As the quote notes, their information is taken from a recent study. The study looked at irrigated and non-irrigated biofuels. The numbers they quote are for irrigated biofuels.
If ethanol is processed from corn grain in irrigated fields, then water consumption is 1.3−62 gal H2O/mile (average of 28 gal H2O/mile) and withdrawal is 6.9−110 gal H2O/mile (average of 36 gal H2O/mile). Ethanol processed from corn grain from nonirrigated fields results in water consumption and withdrawal intensities of 0.15−0.35 gal H2O/mile and 0.33−0.56 gal H2O/mile, respectively.
Their quoted amount of water consumption for biodiesel is also the number for soy from irrigated fields.
Biodiesel derived from irrigated soybean fields has water consumption of 0.6−24 gal H2O/mile (average of 8 gal H2O/mile) and withdrawal of 1.1−26 gal H2O/mile (average of 10 gal H2O/mile). If the soy fields are not irrigated, then just as with ethanol, the consumption and withdrawal are 2 orders of magnitude less at 0.01−0.02 gal H2O/mile and 0.03−0.12 gal H2O/mile, respectively.

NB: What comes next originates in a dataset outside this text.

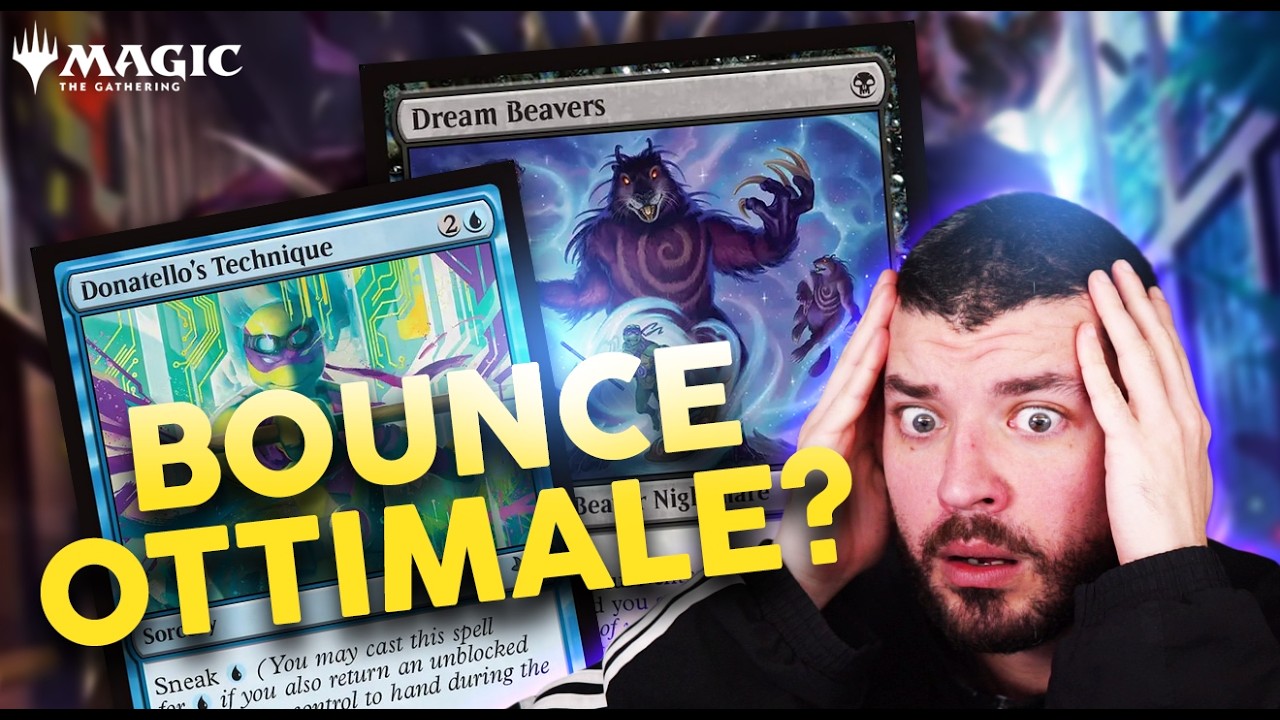 In viaggio verso la lista ottimale di BOUNCE! - MTG Arena Standard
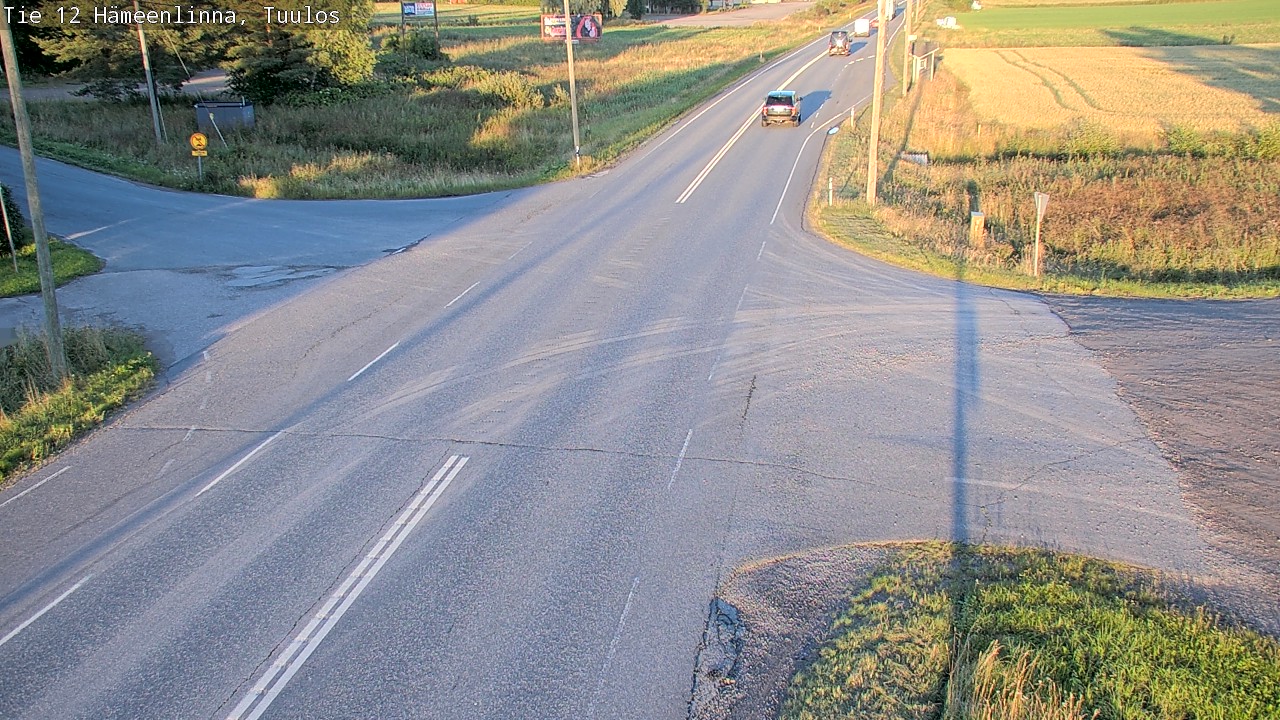 Kelikamerat Kuva Tie 12 Hämeenlinna, Tuulos, Hämeenlinna, Kanta-Häme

The problem with using the irrigated number is that less than 15% of all corn grown in this country is irrigated. So while a small percentage of the ethanol produced in this country may indeed consume the amount of water they say, the vast majority uses a much smaller amount.
I don't have any numbers on how much of the soy crop is irrigated but I think it is safe to say that not all of it is so assigning the higher irrigated number to all biodiesel would also be less than truthful.
I would have expected better from this organization.